A mon avis, il ne s’agit pas d’un Collectif des imams, mais du Collectif des résidents des quartiers de Guédiawaye, qui est un Collectif multiconfessionnel et multi confrérique. Les imans sont membres de ce Collectif et servent de catalyseurs à cette lutte. Cette lecture, à mon avis, permet de comprendre le statut que les imams jouent dans ce collectif. Ils sont membres de ce collectif avec des chefs de quartiers et d’autres notables qui ont des expériences politiques. Quand on analyse le profil de certains de ces imams, on constate que la plupart du temps, ils sont des retraités de l’administration ou du secteur privé. Ce qui leur permet de rompre plus facilement avec le modèle de l’imam assisté par les populations ou les pouvoirs publics, donc, imam fragile face aux ordres dominants (l’Etat ou la direction de la confrérie). Le muliticonfrérisme de ce collectif ne facilite pas non plus son contrôle. Mais, l’élément décisif à mon avis, est constitué par le travail long et patient des Ong sur l’engagement citoyen. Guédiawaye est une zone très investie par les Ong et je pense que ce mouvement est quelque part le fruit de leur travail. Le travail de certains partis politiques y est sans doute aussi pour quelque chose. Et dès le départ, le Collectif a déclaré que son combat s’inscrit dans un cadre citoyen qui utilise des méthodes qui s’appuient d’abord sur la participation des populations qui sont les principaux acteurs. C’est le principe de la responsabilisation des acteurs eux-mêmes, de l’action à la base. Maintenant, la grande question est la suivante : dans ce Collectif des résidents de Guédiawaye, pourquoi le leadership est occupé par les imams ? Les imams eux-mêmes l’ont expliqué : faible présence des partis politiques et absence des syndicats sur ce front de la vie chère, faillite des organisations de consommateurs. A un moment donné, dans leurs quartiers, ils représentaient les seuls leaders en qui la population pouvait faire confiance pour leur demander de s’impliquer activement dans ce combat. Naturellement, ils pouvaient s’abstenir, mais leurs expériences spécifiques militaient plutôt en faveur de leur engagement.

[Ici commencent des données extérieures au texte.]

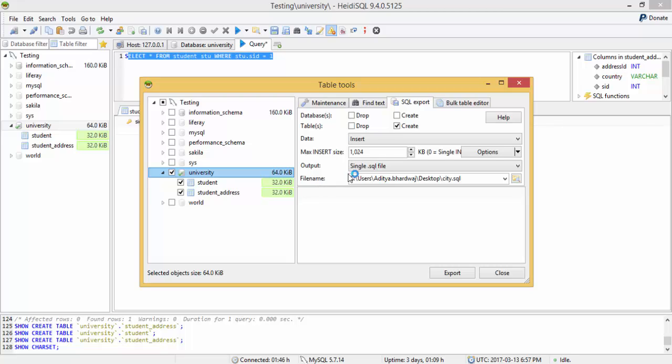Here we can have options like database create, tables create or drop. When you import this in another database, it also creates the tables. So I select this.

Pourquoi ont-ils ciblé dans leur lutte, l’électricité et non les denrées de première nécessité ou encore les questions de viol ?

Pourquoi l’électricité et non les denrées de première nécessité ou les questions de viol. Pour deux raisons essentiellement. D’une part, un mouvement social structuré se fixe toujours des objectifs accessibles et consensuels et une cible claire. L’avantage de la lutte contre la cherté de l’électricité est d’avoir une cible claire, identifiable : l’Etat. Les populations, en particulier les populations urbaines, ont traditionnellement un contentieux lourd et permanent avec l’Etat et les municipalités pour des raisons évidentes. Il est plus difficile de mobiliser les populations contre la cherté des denrées de première nécessité qui, faut-il le rappeler, sont commercialisées par une frange des populations elles-mêmes. La cible est forcément floue pour un mouvement social de quartier dont les membres peuvent aussi être des commerçants qui peuvent trouver leur compte dans l’augmentation de certaines denrées. Même pour les groupes les plus engagés sur le plan citoyen, le viol n’est pas prioritaire dans leur agenda. Ce n’est qu’une question de temps.